Sun Microsystems, Silicon Graphics and Linux Networx are among the vendors offering turnkey systems. SGI says it will ship an integrated system with four quad-core Xeon processors in a single chassis in next year’s first quarter. Linux Networx introduced a series of ready-to-run HPC systems tuned for applications such as computational fluid dynamics and crash and impact analysis.
“From a cutting-edge perspective, it’s unclear whether or not any in-the-box solutions will maintain speed with the innovations,” says Terry McLaren, a programme manager for the cyber environments group at the US National Centre for Supercomputing Applications (NCSA). Nonetheless, the NCSA, which is located at the University of Illinois, is evaluating the turnkey systems because of their ease of use, McLaren says.

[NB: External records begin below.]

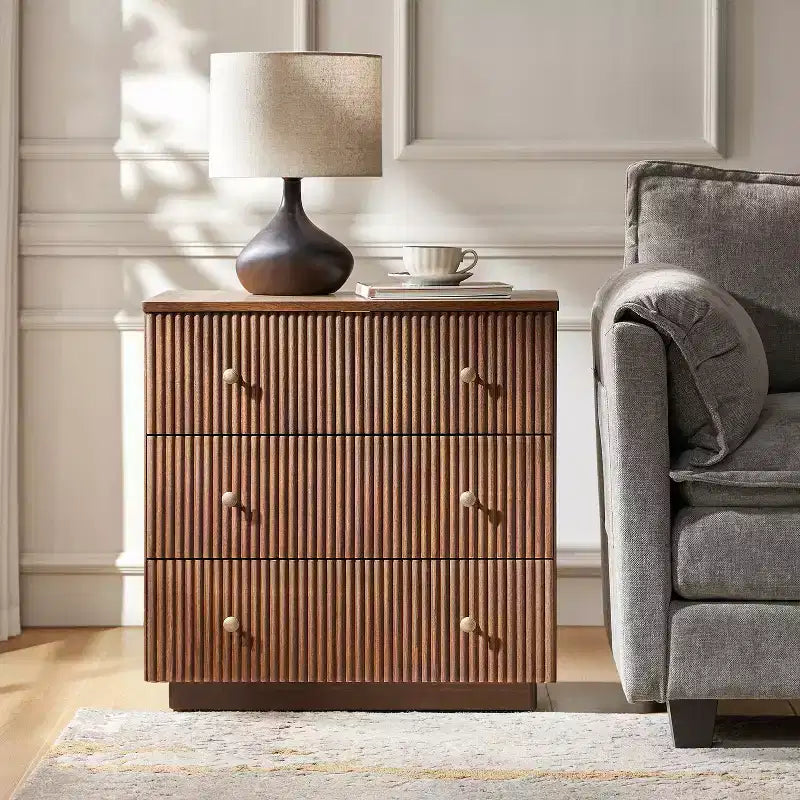 Table d'appoint moderne à 3 tiroirs Norbert avec station de charge intégrée|ART OF LIVING DESIGNS-NOYER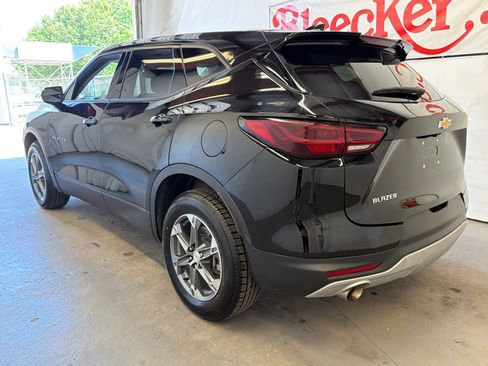 Used 2025 Chevrolet Blazer LT FWD image 9
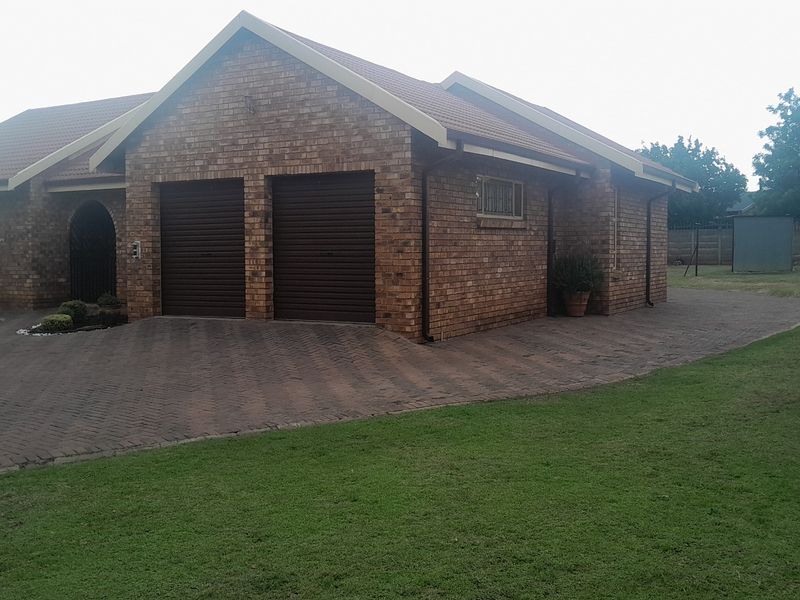 Prime Investment Opportunity – Spacious 3-Bedroom Home Near University and Shopping Centre - Photo 5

Roger Smith, a senior systems administrator at Mississippi State University’s High Performance Computing Collaboratory, recently installed a system consisting of 500 Sun Fire x2200 servers equipped with a total of 1,024 Opteron dual-core processors. Smith says the university opted for a prebuilt system developed through Sun’s Customer Ready Systems programme as part of a joint demonstration project.
The system was set up in a single day, Smith says. All that had to be added were some networking hookups that weren’t ready when it was delivered. Smith’s major concern was whether Sun would configure the system exactly as the university wanted it, but he says he visited a Sun facility in Oregon “to assure ourselves that they were going to do a good job”.
Hassan Assiri, director of high-performance computing at Seneca College in Toronto, says he expects that turnkey cluster users will have to pay extra for the systems. But, he adds, that might make economic sense compared with having to deal with multiple vendors or hire new staffers to do an installation.